つまり、サッカーってどんな服装していくの?どうやって応援するの?例えばゴール裏とメインスタンドがあったら、どこに座ればいいの?というところからのスタートだったんです。

この夢スタが竣工する以前、四国リーグに在籍していた時は人工芝のピッチで試合をしていたのですが、そこはメインスタンドしかないんですよ。そうすると、その時代から応援してくれているファンの中には、夢スタが竣工した後も、ゴール裏ではなくメインスタンドに座る人も沢山いるわけです。

だから、ずっと飛んだり跳ねたりはしていないかもしれませんが、夢スタのメインスタンドのほうにも昔から応援してくれているファンもけっこういます。
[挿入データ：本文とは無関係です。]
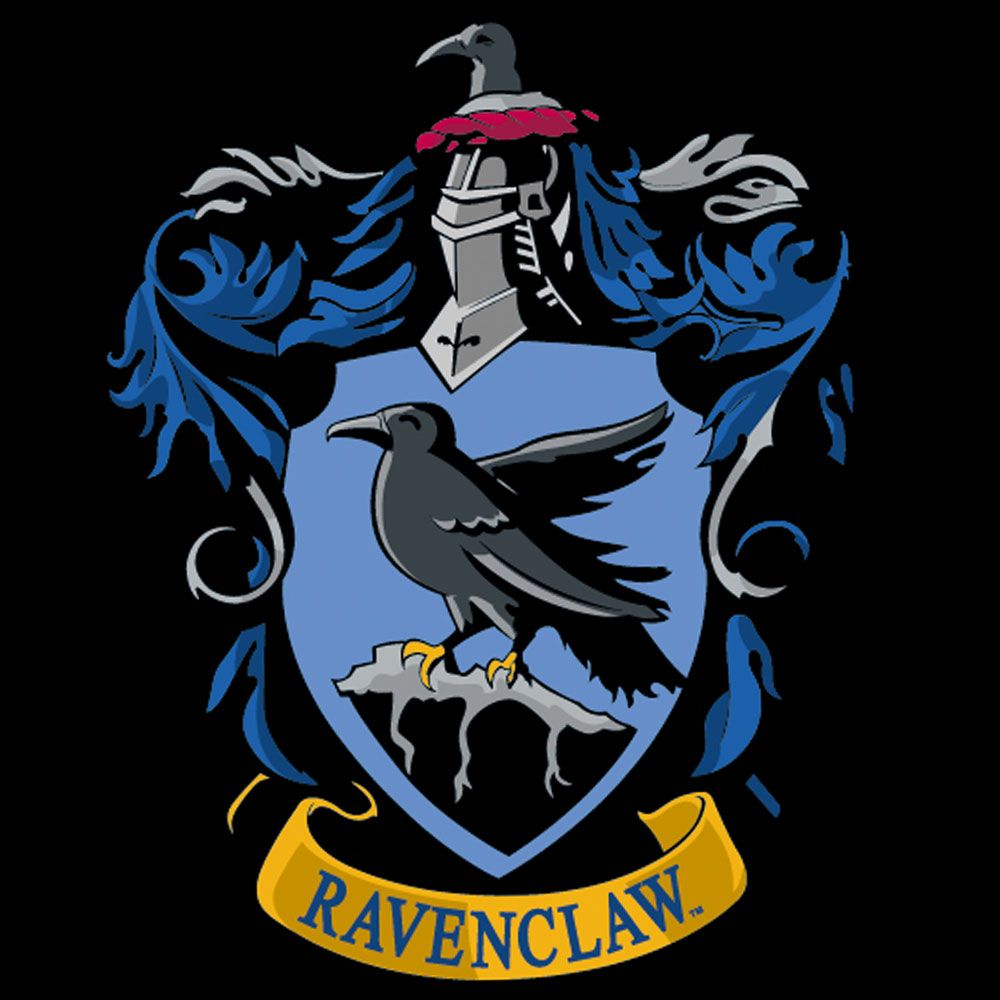 1000x1000 49+] Ravenclaw Wallpaper HD on WallpaperSafari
昔はメインスタンドしかなかったから。

これは世の中のサッカーカルチャーとはちょっと違いますよね。でも狙ったわけではなくて、この地にあったその当時のものを一緒に作っていこうとすると結果この文化になった。

自分たちから夢を掲げ、そこに共感してくれた人と一緒に「新しい文化」を作っていく。だけどあるものを使うみたいな。この共創関係は、この地域独特の面白さなのかなと思いますね。
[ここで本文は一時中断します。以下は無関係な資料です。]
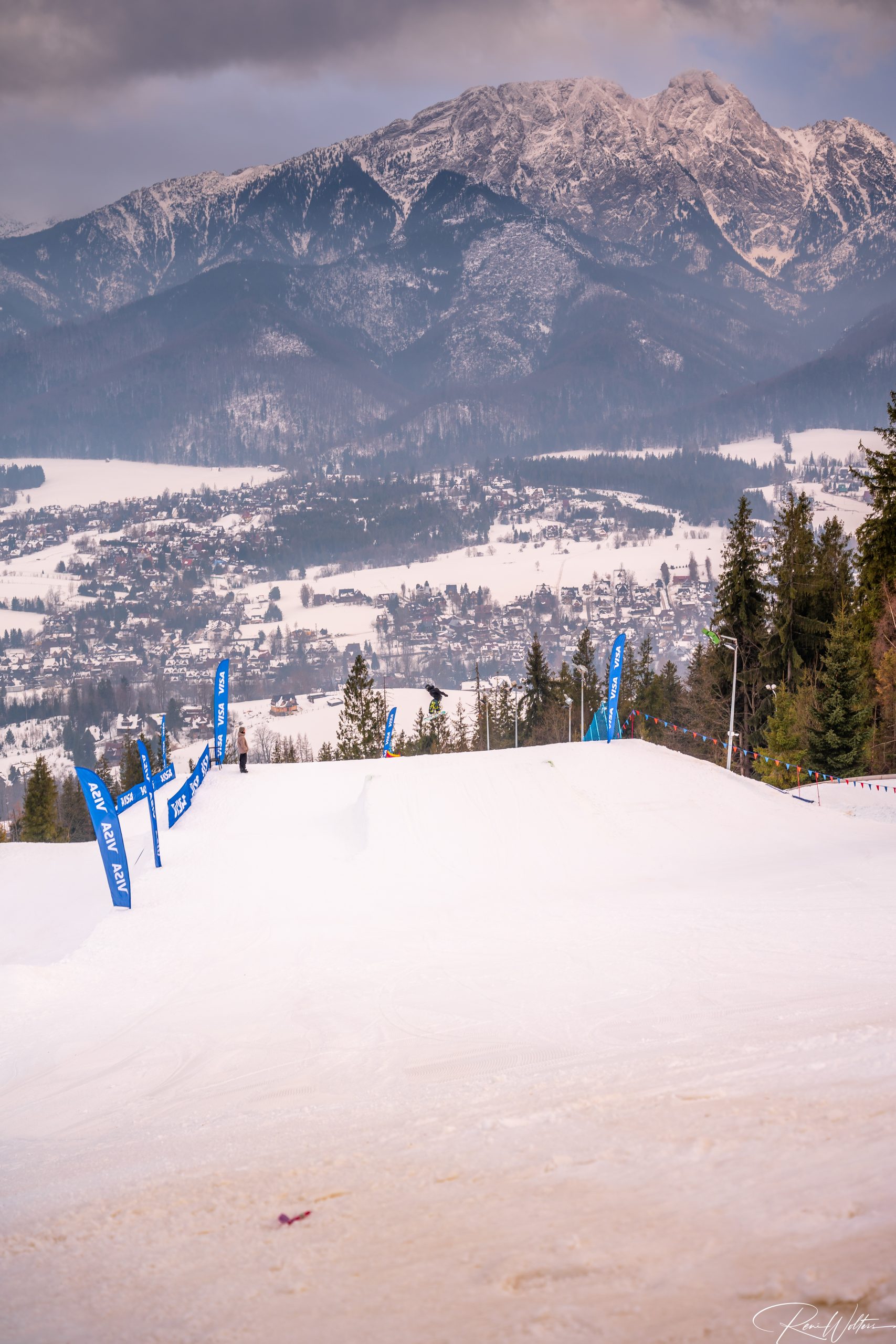 Zakopane 140 Wasserbüffel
「応援の型」とかって、それが正解かどうか誰も分からない。たぶんファン中にも、もっとこうやったらいいとか、野球みたいな形式の応援のほうが盛り上がるんじゃないかとか思う人もいらっしゃるんじゃないかと思います。

でも別に誰も全否定しない。なぜなら私たちにはスタンダードがなかったので。そういう意味で、ゼロから共に作り上げていく楽しさというのは、確かにこの町にあるのかなと思いますね。